LAST_WINTER_Director.jpgFor now, though, I will focus on the fifth film I saw on that dies mirabilis, because it is one likeliest to have missed the radar of even some of the more discriminating festivalgoers. It's called The Last Winter, and it's the latest slice of existential modern horror from writer-director (and sometimes actor) Larry Fessenden. I say latest because, though he is hardly a household name, Fessenden has spent much of the last 15 years putting his richly idiosyncratic and highly political spin on a series of timeless horror-fantasy myths. Indeed, it is often by virtue of what Fessenden does that we come to understand why those age-old scary stories have lost none of their creepy resonance over time. In No Telling (1991), Fessenden used the basic architecture of Mary Shelley's Frankenstein as a means of weighing in on the debates over animal testing and the morality of science. In the Independent Spirit Award-winning Habit (1997), vampirism stood as a metaphor for dependency — chemical and emotional — and the alienation of modern life in the big city. And in Wendigo (2001) — Fessenden's best-known film to date — the titular creature may be a werewolf-like Native American spirit, but the real force wreaking havoc on its characters' lives is the clash between the ancient and the modern, between "civilized" man and his primal, animalistic nature.
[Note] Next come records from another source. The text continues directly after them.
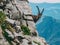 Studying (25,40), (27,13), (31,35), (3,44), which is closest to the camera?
(3,44)

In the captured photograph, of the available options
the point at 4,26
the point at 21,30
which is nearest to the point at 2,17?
the point at 4,26

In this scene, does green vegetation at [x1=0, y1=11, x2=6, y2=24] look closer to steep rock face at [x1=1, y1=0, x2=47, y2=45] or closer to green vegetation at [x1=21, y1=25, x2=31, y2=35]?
steep rock face at [x1=1, y1=0, x2=47, y2=45]

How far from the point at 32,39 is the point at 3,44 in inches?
253

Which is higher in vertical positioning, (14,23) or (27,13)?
(27,13)

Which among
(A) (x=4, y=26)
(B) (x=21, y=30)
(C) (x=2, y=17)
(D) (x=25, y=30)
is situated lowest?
(A) (x=4, y=26)

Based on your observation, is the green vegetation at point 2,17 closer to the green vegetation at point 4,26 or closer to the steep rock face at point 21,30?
the green vegetation at point 4,26

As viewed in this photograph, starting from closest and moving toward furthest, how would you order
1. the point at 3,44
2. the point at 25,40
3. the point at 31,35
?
the point at 3,44, the point at 25,40, the point at 31,35

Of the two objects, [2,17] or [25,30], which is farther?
[25,30]

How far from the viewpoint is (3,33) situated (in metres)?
37.7

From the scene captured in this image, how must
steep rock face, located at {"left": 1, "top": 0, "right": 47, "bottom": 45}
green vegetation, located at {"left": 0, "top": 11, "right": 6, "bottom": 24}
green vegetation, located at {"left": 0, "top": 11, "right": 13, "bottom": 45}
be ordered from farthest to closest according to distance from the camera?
green vegetation, located at {"left": 0, "top": 11, "right": 6, "bottom": 24}
steep rock face, located at {"left": 1, "top": 0, "right": 47, "bottom": 45}
green vegetation, located at {"left": 0, "top": 11, "right": 13, "bottom": 45}

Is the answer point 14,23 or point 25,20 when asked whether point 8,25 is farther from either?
point 25,20

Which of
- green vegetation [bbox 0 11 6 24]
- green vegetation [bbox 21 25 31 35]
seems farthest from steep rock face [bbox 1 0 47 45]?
green vegetation [bbox 0 11 6 24]

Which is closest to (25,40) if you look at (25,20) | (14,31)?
(14,31)

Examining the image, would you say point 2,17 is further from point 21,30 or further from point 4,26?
point 21,30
These are not traditional monster movies by a long shot. Rather, like George Romero (whose own deconstructionist vampire movie, Martin, predates Habit by two decades), Fessenden is interested most in the collision of real and imagined horrors, and in the human impulse to fashion myths and legends as a way of giving meaning to a fundamentally shapeless world. The Last Winter is certainly no exception — much to the dismay, I suspect, of some of the clearly mystified acquisitions and distributions executives who wandered into the movie's Toronto press screening, clearly lured by the promises of "ghost story" and "supernatural horror" proffered by the description in the festival catalogue.

Set in remote Alaska, the film concerns an American oil company's top-secret drilling project, designed to bring "energy independence" to the American people while, quite possibly, wreaking havoc on the delicate environment of the Arctic tundra. Not that such warnings (most of them issued by a visiting scientist played by James Le Gros) do much to deter the drilling team's blustery leader (an excellent Ron Perlman) from blasting ahead with the project. Until, that is, some unseen, primordial force seems to bubble up from the ground along with that black gold, infecting everyone and everything with which it comes into contact. Could it be the spirit of the Wendigo yet again? Perhaps. But as usual in a Fessenden film, in The Last Winter mankind is its own worst enemy.

LAST_WINTER_Perlman.jpgFilmed in Iceland in breathtaking 35mm widescreen, The Last Winter is Fessenden's biggest and most "professional" production to date, but in making that leap, the filmmaker has in no way compromised his artistic integrity. True to form, the movie is more about disquieting mood and serenely creepy atmosphere than about slam-bang action or shock-horror jolts. When people start to die, the survivors don't run around screaming in a hysterical panic, but rather rationally and intelligently weigh their options. And the final, apocalyptic moments are presented less as a "twist" than as the inevitable. The Last Winter won't create much "buzz" in the industry press and won't win many fans among those who place the saving of union jobs above the repairing of the ozone layer. But this is a horror movie with many inconvenient truths to tell about the ways in which we are willingly destroying our planet. Oh, and it's also scary as fuck.